Answer
$f(x)= (x+i)(x+1)(2x+1)$
Work Step by Step
If k is a zero of f, then, by the factor theorem, (x-k) is a factor of f(x).
Synthetic division gives us a quotient q(x), with degree one less than f(x).
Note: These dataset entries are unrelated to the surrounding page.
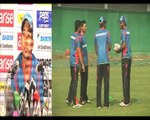 Bangladesh players sweat it out at nets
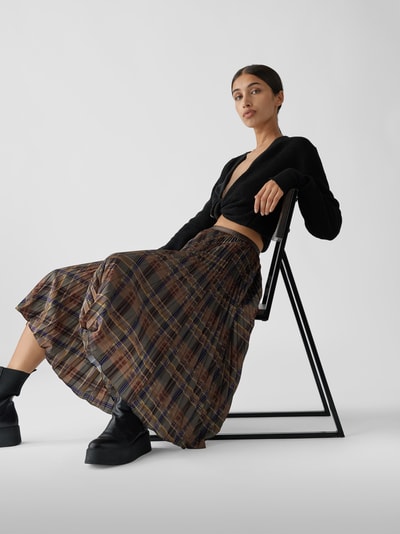 Polo Ralph Lauren Midirock mit Plisseefalten Dunkelgrün 6
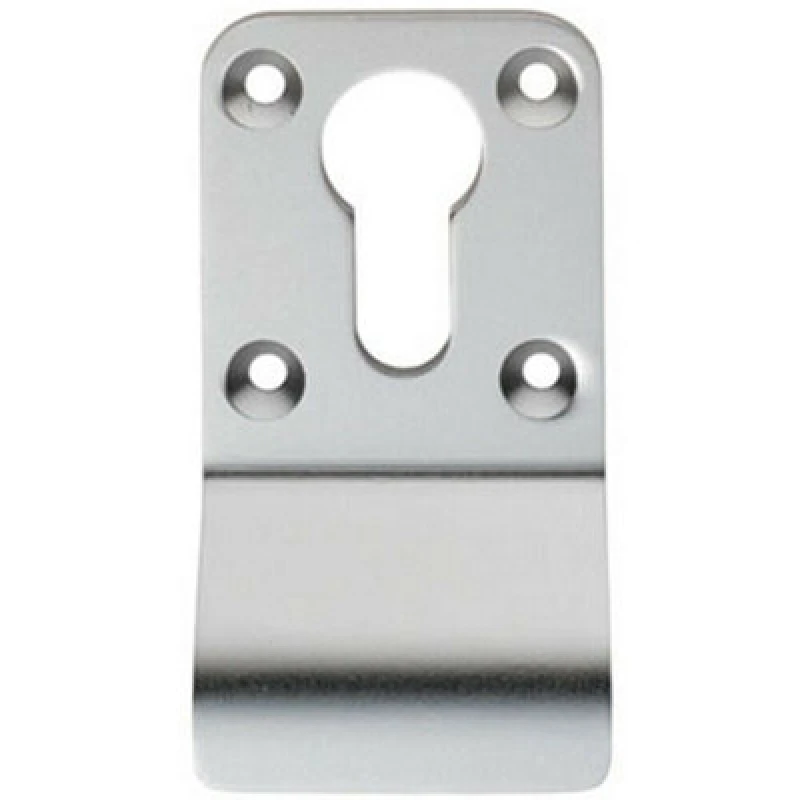 Image of Loops Euro Profile Cylinder Latch Pull Handle 78 x 44mm Satin Adonised Aluminium Multi unisex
and we know the remainder is zero,
so $f(x)=(x-k)\cdot q(x).$
We use this first.
$k=-i$
$\left\{\begin{array}{rrrrrrr}
-i & | & 2 & 3+2i & 1+3i & i & \\
& & & -2i & -3i & -i & \\
& & -- & -- & -- & -- & --\\
& & 2 & 3 & 1 & \fbox{$0$} &
\end{array}\right.$
$f(x)= (x+i)(2x^{2}+3x+1) $
We now factor the trinomial $ax^{2}+bx+c$ by searching for
two factors of $ac$ whose sum is $b.$
If they exist, rewrite $bx$ and factor in pairs.
Factors of $2(1)=1$ whose sum is $+3$ ... are $+2$ and $+1$:
$2x^{2}+3x+1\\=2x^{2}+2x+x+1$
$=2x(x+1)+(x+1)\\=(x+1)(2x+1)$
So,
$f(x)= (x+i)(x+1)(2x+1)$